**Action item:**
Each line from the one containing "Ford Bronco Eddie Bauer 1986 V8 bva Blau - 1" to the end of the entries below is to be set down exactly; the pictures are not.
-- Information follows --
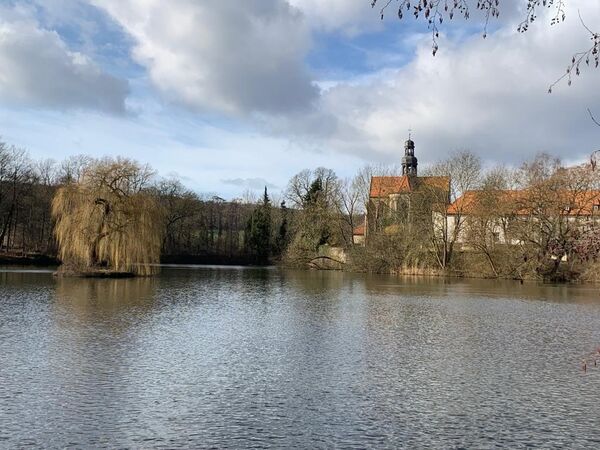 Kloster Marienrode mit Teich im Vordergrund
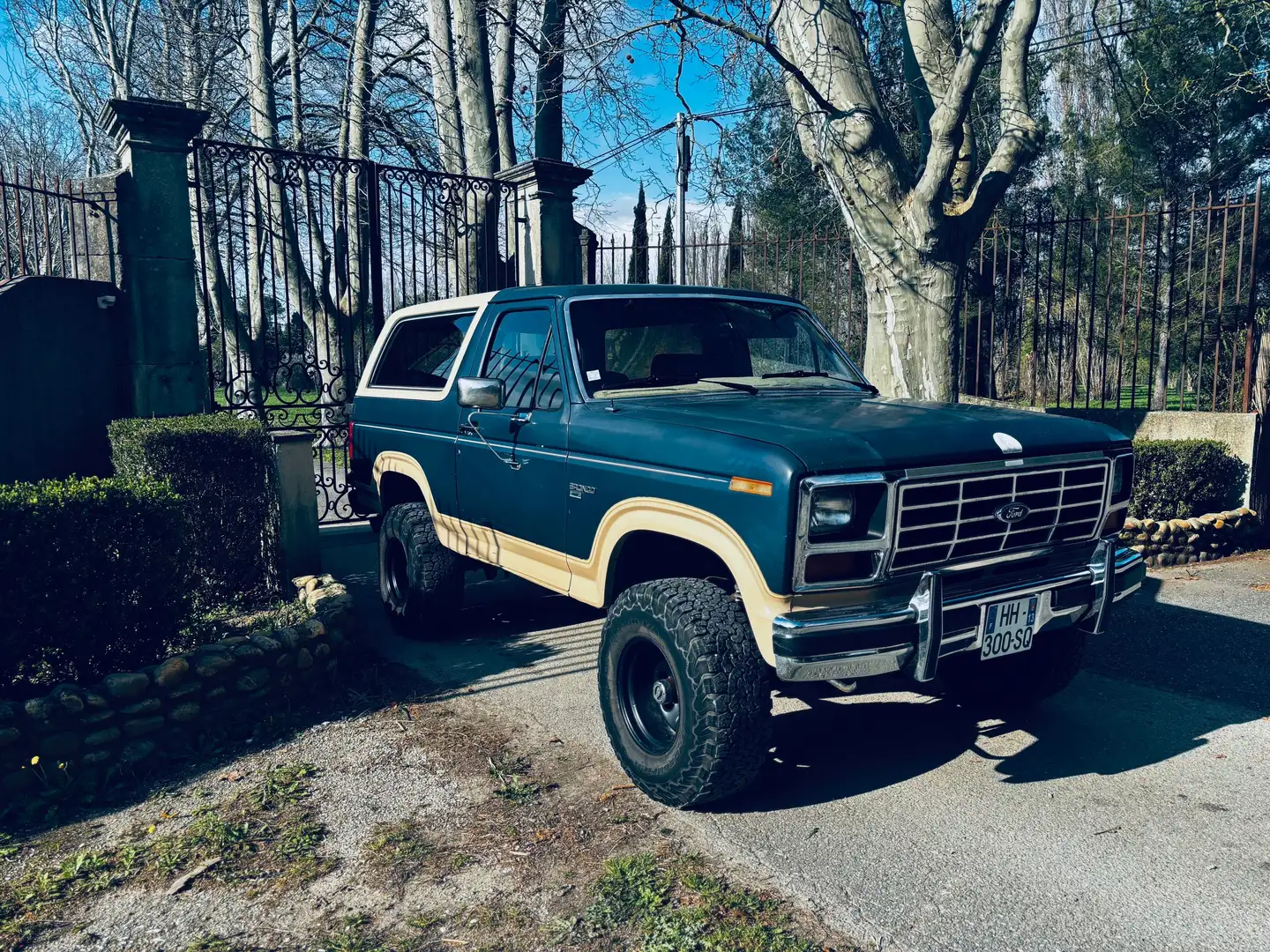 Ford Bronco Eddie Bauer 1986 V8 bva Blau - 1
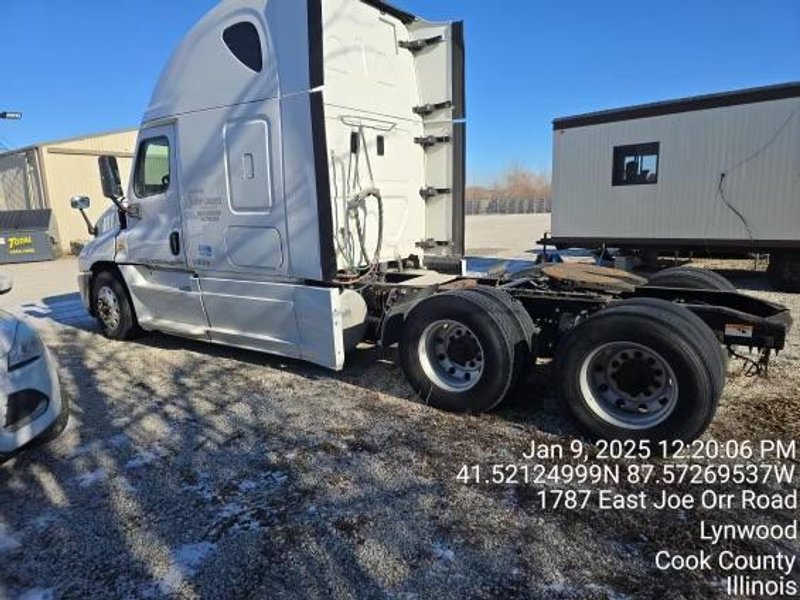 Freightliner Cascadia 125 Sleeper Truck – 2015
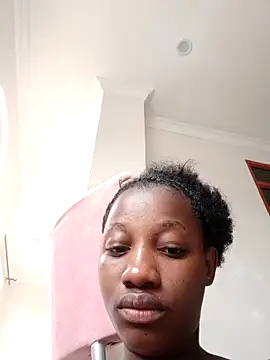 Snapshot of kharoll chatting on February 27, 12:27 pm kharoll online show from February 27, 12:27 pm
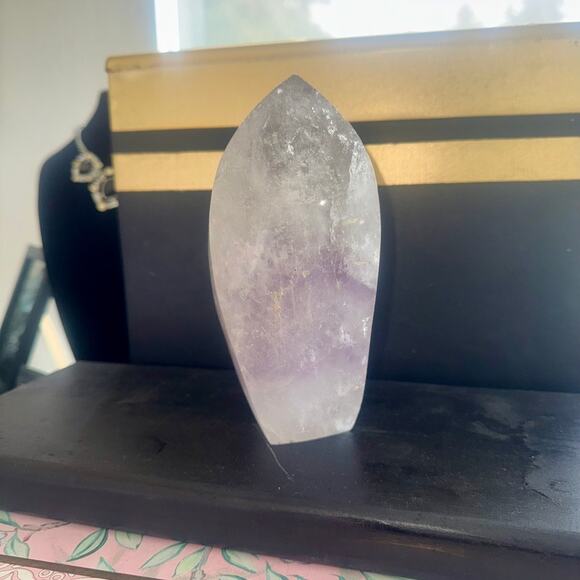 Premier Brazilian Smokey Amethyst Flame 6.5″ Tall – 36.7 oz - Picture 2 of 5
-- Information concluded --
**Response to the task:**
 Ford Bronco Eddie Bauer 1986 V8 bva Blau - 1
 Freightliner Cascadia 125 Sleeper Truck – 2015
 Snapshot of kharoll chatting on February 27, 12:27 pm kharoll online show from February 27, 12:27 pm
 Premier Brazilian Smokey Amethyst Flame 6.5″ Tall – 36.7 oz - Picture 2 of 5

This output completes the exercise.